*** Available data ***

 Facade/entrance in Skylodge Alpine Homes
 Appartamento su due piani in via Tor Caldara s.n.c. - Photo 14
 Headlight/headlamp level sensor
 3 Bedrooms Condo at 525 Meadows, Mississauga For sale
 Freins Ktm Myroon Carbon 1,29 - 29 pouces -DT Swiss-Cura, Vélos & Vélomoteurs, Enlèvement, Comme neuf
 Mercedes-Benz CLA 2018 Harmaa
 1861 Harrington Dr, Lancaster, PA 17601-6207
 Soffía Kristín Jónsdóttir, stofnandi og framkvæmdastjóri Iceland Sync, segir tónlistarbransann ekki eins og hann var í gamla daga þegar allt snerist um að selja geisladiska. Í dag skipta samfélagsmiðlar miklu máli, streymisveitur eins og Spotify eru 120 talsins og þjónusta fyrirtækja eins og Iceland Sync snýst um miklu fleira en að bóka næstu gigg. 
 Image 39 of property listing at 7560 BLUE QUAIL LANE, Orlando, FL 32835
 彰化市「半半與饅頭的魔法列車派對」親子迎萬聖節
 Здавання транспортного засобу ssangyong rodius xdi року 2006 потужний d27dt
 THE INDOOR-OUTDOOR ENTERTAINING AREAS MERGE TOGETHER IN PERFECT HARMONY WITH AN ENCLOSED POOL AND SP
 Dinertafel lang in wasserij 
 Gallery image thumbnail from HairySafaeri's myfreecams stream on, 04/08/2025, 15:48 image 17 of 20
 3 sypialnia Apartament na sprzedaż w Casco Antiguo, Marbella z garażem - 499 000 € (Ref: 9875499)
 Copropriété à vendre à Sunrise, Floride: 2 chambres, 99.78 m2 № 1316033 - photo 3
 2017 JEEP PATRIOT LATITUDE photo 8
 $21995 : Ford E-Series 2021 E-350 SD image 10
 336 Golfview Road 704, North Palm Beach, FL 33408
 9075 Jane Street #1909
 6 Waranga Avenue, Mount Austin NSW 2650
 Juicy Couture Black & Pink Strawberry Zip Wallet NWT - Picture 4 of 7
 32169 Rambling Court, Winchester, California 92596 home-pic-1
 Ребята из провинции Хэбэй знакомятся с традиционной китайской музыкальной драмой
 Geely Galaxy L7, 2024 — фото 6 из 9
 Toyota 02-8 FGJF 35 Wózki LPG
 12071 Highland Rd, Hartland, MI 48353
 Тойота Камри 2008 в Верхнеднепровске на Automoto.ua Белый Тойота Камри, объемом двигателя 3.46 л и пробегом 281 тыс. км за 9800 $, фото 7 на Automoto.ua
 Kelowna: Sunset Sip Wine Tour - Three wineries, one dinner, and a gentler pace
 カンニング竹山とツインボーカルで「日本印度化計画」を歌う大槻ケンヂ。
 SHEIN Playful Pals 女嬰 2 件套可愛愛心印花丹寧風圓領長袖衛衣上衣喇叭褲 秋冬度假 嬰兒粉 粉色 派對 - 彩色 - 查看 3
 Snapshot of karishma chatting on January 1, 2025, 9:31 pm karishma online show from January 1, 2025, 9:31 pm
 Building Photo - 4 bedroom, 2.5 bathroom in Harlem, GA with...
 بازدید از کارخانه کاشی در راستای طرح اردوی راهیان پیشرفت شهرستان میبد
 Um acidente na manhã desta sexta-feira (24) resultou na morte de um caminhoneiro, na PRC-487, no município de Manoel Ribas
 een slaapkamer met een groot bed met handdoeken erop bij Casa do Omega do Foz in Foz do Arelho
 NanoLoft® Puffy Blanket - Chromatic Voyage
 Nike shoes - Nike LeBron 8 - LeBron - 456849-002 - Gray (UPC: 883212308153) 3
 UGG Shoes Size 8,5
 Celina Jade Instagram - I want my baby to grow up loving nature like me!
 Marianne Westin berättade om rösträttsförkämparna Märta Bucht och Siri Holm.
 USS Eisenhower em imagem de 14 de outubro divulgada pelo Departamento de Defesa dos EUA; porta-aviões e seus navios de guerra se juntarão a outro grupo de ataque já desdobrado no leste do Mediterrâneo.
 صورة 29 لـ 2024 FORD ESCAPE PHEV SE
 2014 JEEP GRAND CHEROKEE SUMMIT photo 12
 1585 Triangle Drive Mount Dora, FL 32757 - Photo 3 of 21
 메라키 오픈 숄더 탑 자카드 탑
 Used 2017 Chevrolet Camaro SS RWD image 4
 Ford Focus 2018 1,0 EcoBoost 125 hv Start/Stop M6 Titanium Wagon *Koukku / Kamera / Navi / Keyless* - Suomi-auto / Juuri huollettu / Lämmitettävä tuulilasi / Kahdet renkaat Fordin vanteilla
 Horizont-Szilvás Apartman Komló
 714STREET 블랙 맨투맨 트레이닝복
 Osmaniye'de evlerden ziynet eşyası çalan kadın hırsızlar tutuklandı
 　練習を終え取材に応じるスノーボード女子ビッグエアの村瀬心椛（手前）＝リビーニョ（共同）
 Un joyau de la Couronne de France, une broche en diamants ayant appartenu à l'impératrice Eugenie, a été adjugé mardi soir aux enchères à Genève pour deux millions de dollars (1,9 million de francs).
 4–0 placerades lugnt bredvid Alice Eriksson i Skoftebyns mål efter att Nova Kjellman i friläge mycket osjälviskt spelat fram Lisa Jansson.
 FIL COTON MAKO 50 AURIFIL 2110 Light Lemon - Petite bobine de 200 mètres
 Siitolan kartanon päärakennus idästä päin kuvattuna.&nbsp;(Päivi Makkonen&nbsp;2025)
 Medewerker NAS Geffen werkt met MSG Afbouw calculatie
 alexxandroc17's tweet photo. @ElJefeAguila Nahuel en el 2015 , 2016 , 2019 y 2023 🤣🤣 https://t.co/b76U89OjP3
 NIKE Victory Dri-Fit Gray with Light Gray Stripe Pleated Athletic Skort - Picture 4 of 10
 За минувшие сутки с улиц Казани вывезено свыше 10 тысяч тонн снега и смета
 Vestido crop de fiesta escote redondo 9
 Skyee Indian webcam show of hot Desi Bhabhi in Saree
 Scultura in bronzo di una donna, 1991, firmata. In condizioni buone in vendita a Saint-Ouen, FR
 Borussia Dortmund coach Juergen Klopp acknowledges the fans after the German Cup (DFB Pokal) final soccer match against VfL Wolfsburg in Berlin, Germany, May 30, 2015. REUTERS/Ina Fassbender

*** End of Available data ***

Assigned task: Would you repeat all of the data above, word for word?

Output:
 Facade/entrance in Skylodge Alpine Homes
 Appartamento su due piani in via Tor Caldara s.n.c. - Photo 14
 Headlight/headlamp level sensor
 3 Bedrooms Condo at 525 Meadows, Mississauga For sale
 Freins Ktm Myroon Carbon 1,29 - 29 pouces -DT Swiss-Cura, Vélos & Vélomoteurs, Enlèvement, Comme neuf
 Mercedes-Benz CLA 2018 Harmaa
 1861 Harrington Dr, Lancaster, PA 17601-6207
 Soffía Kristín Jónsdóttir, stofnandi og framkvæmdastjóri Iceland Sync, segir tónlistarbransann ekki eins og hann var í gamla daga þegar allt snerist um að selja geisladiska. Í dag skipta samfélagsmiðlar miklu máli, streymisveitur eins og Spotify eru 120 talsins og þjónusta fyrirtækja eins og Iceland Sync snýst um miklu fleira en að bóka næstu gigg. 
 Image 39 of property listing at 7560 BLUE QUAIL LANE, Orlando, FL 32835
 彰化市「半半與饅頭的魔法列車派對」親子迎萬聖節
 Здавання транспортного засобу ssangyong rodius xdi року 2006 потужний d27dt
 THE INDOOR-OUTDOOR ENTERTAINING AREAS MERGE TOGETHER IN PERFECT HARMONY WITH AN ENCLOSED POOL AND SP
 Dinertafel lang in wasserij 
 Gallery image thumbnail from HairySafaeri's myfreecams stream on, 04/08/2025, 15:48 image 17 of 20
 3 sypialnia Apartament na sprzedaż w Casco Antiguo, Marbella z garażem - 499 000 € (Ref: 9875499)
 Copropriété à vendre à Sunrise, Floride: 2 chambres, 99.78 m2 № 1316033 - photo 3
 2017 JEEP PATRIOT LATITUDE photo 8
 $21995 : Ford E-Series 2021 E-350 SD image 10
 336 Golfview Road 704, North Palm Beach, FL 33408
 9075 Jane Street #1909
 6 Waranga Avenue, Mount Austin NSW 2650
 Juicy Couture Black & Pink Strawberry Zip Wallet NWT - Picture 4 of 7
 32169 Rambling Court, Winchester, California 92596 home-pic-1
 Ребята из провинции Хэбэй знакомятся с традиционной китайской музыкальной драмой
 Geely Galaxy L7, 2024 — фото 6 из 9
 Toyota 02-8 FGJF 35 Wózki LPG
 12071 Highland Rd, Hartland, MI 48353
 Тойота Камри 2008 в Верхнеднепровске на Automoto.ua Белый Тойота Камри, объемом двигателя 3.46 л и пробегом 281 тыс. км за 9800 $, фото 7 на Automoto.ua
 Kelowna: Sunset Sip Wine Tour - Three wineries, one dinner, and a gentler pace
 カンニング竹山とツインボーカルで「日本印度化計画」を歌う大槻ケンヂ。
 SHEIN Playful Pals 女嬰 2 件套可愛愛心印花丹寧風圓領長袖衛衣上衣喇叭褲 秋冬度假 嬰兒粉 粉色 派對 - 彩色 - 查看 3
 Snapshot of karishma chatting on January 1, 2025, 9:31 pm karishma online show from January 1, 2025, 9:31 pm
 Building Photo - 4 bedroom, 2.5 bathroom in Harlem, GA with...
 بازدید از کارخانه کاشی در راستای طرح اردوی راهیان پیشرفت شهرستان میبد
 Um acidente na manhã desta sexta-feira (24) resultou na morte de um caminhoneiro, na PRC-487, no município de Manoel Ribas
 een slaapkamer met een groot bed met handdoeken erop bij Casa do Omega do Foz in Foz do Arelho
 NanoLoft® Puffy Blanket - Chromatic Voyage
 Nike shoes - Nike LeBron 8 - LeBron - 456849-002 - Gray (UPC: 883212308153) 3
 UGG Shoes Size 8,5
 Celina Jade Instagram - I want my baby to grow up loving nature like me!
 Marianne Westin berättade om rösträttsförkämparna Märta Bucht och Siri Holm.
 USS Eisenhower em imagem de 14 de outubro divulgada pelo Departamento de Defesa dos EUA; porta-aviões e seus navios de guerra se juntarão a outro grupo de ataque já desdobrado no leste do Mediterrâneo.
 صورة 29 لـ 2024 FORD ESCAPE PHEV SE
 2014 JEEP GRAND CHEROKEE SUMMIT photo 12
 1585 Triangle Drive Mount Dora, FL 32757 - Photo 3 of 21
 메라키 오픈 숄더 탑 자카드 탑
 Used 2017 Chevrolet Camaro SS RWD image 4
 Ford Focus 2018 1,0 EcoBoost 125 hv Start/Stop M6 Titanium Wagon *Koukku / Kamera / Navi / Keyless* - Suomi-auto / Juuri huollettu / Lämmitettävä tuulilasi / Kahdet renkaat Fordin vanteilla
 Horizont-Szilvás Apartman Komló
 714STREET 블랙 맨투맨 트레이닝복
 Osmaniye'de evlerden ziynet eşyası çalan kadın hırsızlar tutuklandı
 　練習を終え取材に応じるスノーボード女子ビッグエアの村瀬心椛（手前）＝リビーニョ（共同）
 Un joyau de la Couronne de France, une broche en diamants ayant appartenu à l'impératrice Eugenie, a été adjugé mardi soir aux enchères à Genève pour deux millions de dollars (1,9 million de francs).
 4–0 placerades lugnt bredvid Alice Eriksson i Skoftebyns mål efter att Nova Kjellman i friläge mycket osjälviskt spelat fram Lisa Jansson.
 FIL COTON MAKO 50 AURIFIL 2110 Light Lemon - Petite bobine de 200 mètres
 Siitolan kartanon päärakennus idästä päin kuvattuna.&nbsp;(Päivi Makkonen&nbsp;2025)
 Medewerker NAS Geffen werkt met MSG Afbouw calculatie
 alexxandroc17's tweet photo. @ElJefeAguila Nahuel en el 2015 , 2016 , 2019 y 2023 🤣🤣 https://t.co/b76U89OjP3
 NIKE Victory Dri-Fit Gray with Light Gray Stripe Pleated Athletic Skort - Picture 4 of 10
 За минувшие сутки с улиц Казани вывезено свыше 10 тысяч тонн снега и смета
 Vestido crop de fiesta escote redondo 9
 Skyee Indian webcam show of hot Desi Bhabhi in Saree
 Scultura in bronzo di una donna, 1991, firmata. In condizioni buone in vendita a Saint-Ouen, FR
 Borussia Dortmund coach Juergen Klopp acknowledges the fans after the German Cup (DFB Pokal) final soccer match against VfL Wolfsburg in Berlin, Germany, May 30, 2015. REUTERS/Ina Fassbender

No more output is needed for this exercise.